Database technical implementation - Kosudo/nextSIS GitHub Wiki

###UTF-8, CJK and utf8mb4_unicode_ci As mentioned on the [Development Framework] (Development-Framework) page, the database uses the InnoDB storage engine. Collations (where required) are utf8mb4_unicode_ci - as we need UTF-8 Unicode to ensure [proper sorting in a multilingual application] (http://stackoverflow.com/questions/766809/whats-the-difference-between-utf8-general-ci-and-utf8-unicode-ci).

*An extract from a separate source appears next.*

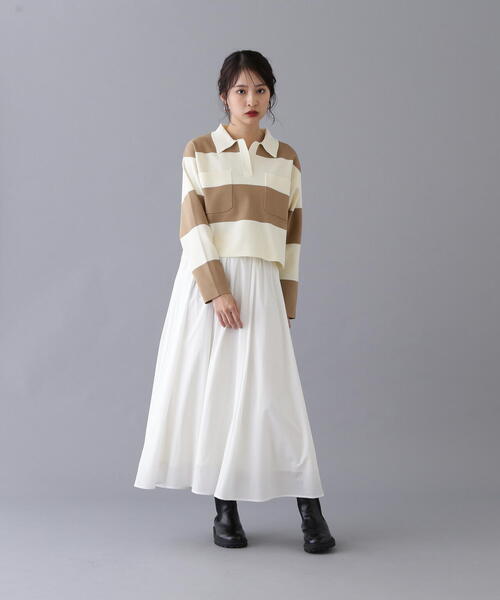 N.（N. Natural Beauty Basic）（エヌエヌナチュラルビューティーベーシック）の「ワイドボーダーニット（ニット/セーター・レディース・ブラック/ベージュ・MEDIUM）」の6枚目の写真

A note about UTF-8 - all unicode is formed from 8-bit units - but encoding certain Asian languages (most notably Chinese, Japanese and Korean - so called ['CJK' characters] (https://en.wikipedia.org/wiki/CJK_characters)) [may require up to 4 bytes] (http://en.wikipedia.org/wiki/Comparison_of_Unicode_encodings) to represent a character whereas UTF-16 can do them in 2-6, potentially making it more efficient. However, there is a negative impact on most projected use cases for nextSIS, UTF-16 isn't ASCII compatible, and there's a considerable body of opinion that [it represents the worst] (http://programmers.stackexchange.com/questions/102205/should-utf-16-be-considered-harmful) of UTF-8 and the potentially preferred UTF-32.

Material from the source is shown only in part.